The current implementation of the LXC technology deals nicely with an issue of starting the privileged containers upon system start.. Users of the unprivileged containers (which arguably promise better security) don't get any working out-of-the-box solution for autostarting their containers.
I know of two ways of achieving this goal. I need to decide which one to take (or maybe there is another?)
Both methods require that the lxc.start.auto 1 be set in the configuration file.
Transforming an existing privileged container
In short one must grant range of subuids to root and chmod o+x permission to /var/lib/lxc.
Invoking unprivileged container via a custom upstart job
The lxc-autostart command invoked by the owner of the unprivileged containers (without the sudo) starts all the unprivileged auto-start containers. The problem is only with how to run it during system startup.

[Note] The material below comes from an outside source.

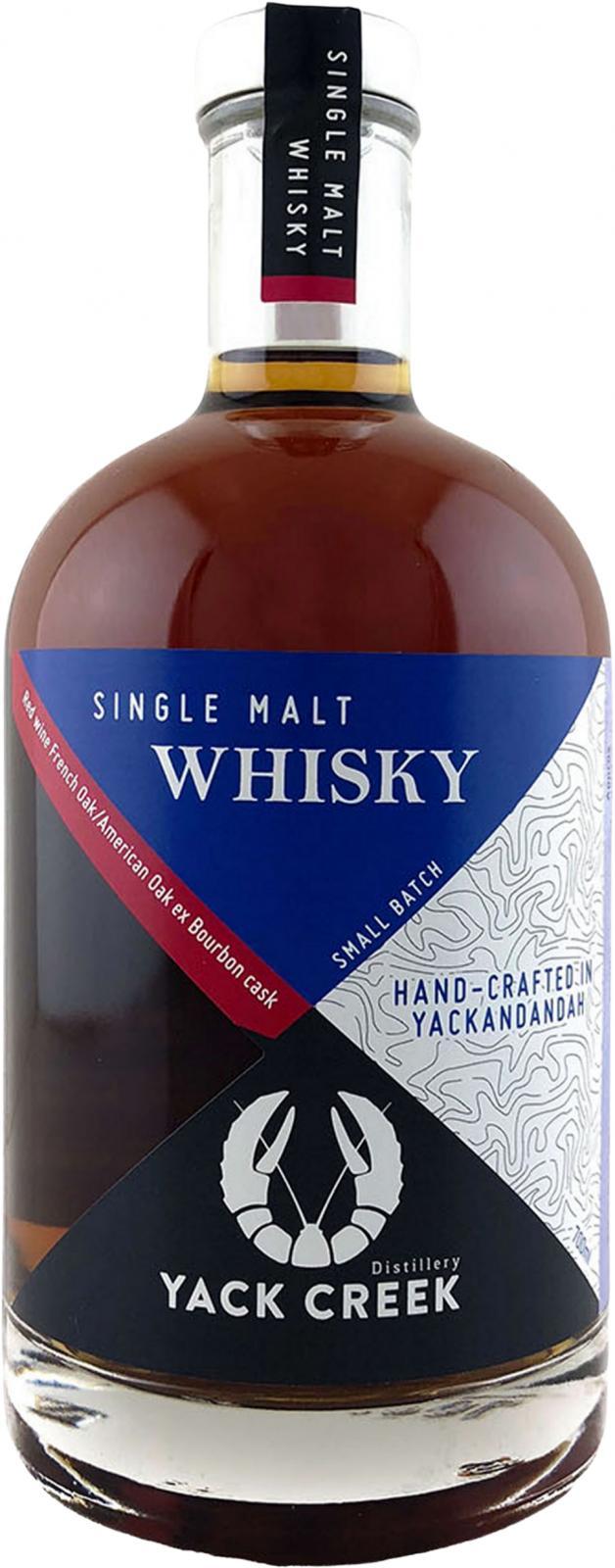 Yack Creek Single Malt Whisky  Small Batch 003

This is tough, because any form of sudo -u <lxc-user> -- lxc-autostart nor su -l <lxc-user> -c lxc-autostart wouldn't work - I guess they don't handle ranges of subuid well. The only way to get root autostarting user's containers is through ridiculously complex ssh <lxc-user>@localhost lxc-autostart. I haven't tried the EDIT: My intuition was right. Setting the setgid and setuid stanzas yet (something tells me, it wouldn't work either). setgid and setuid in upstart script doesn't help either.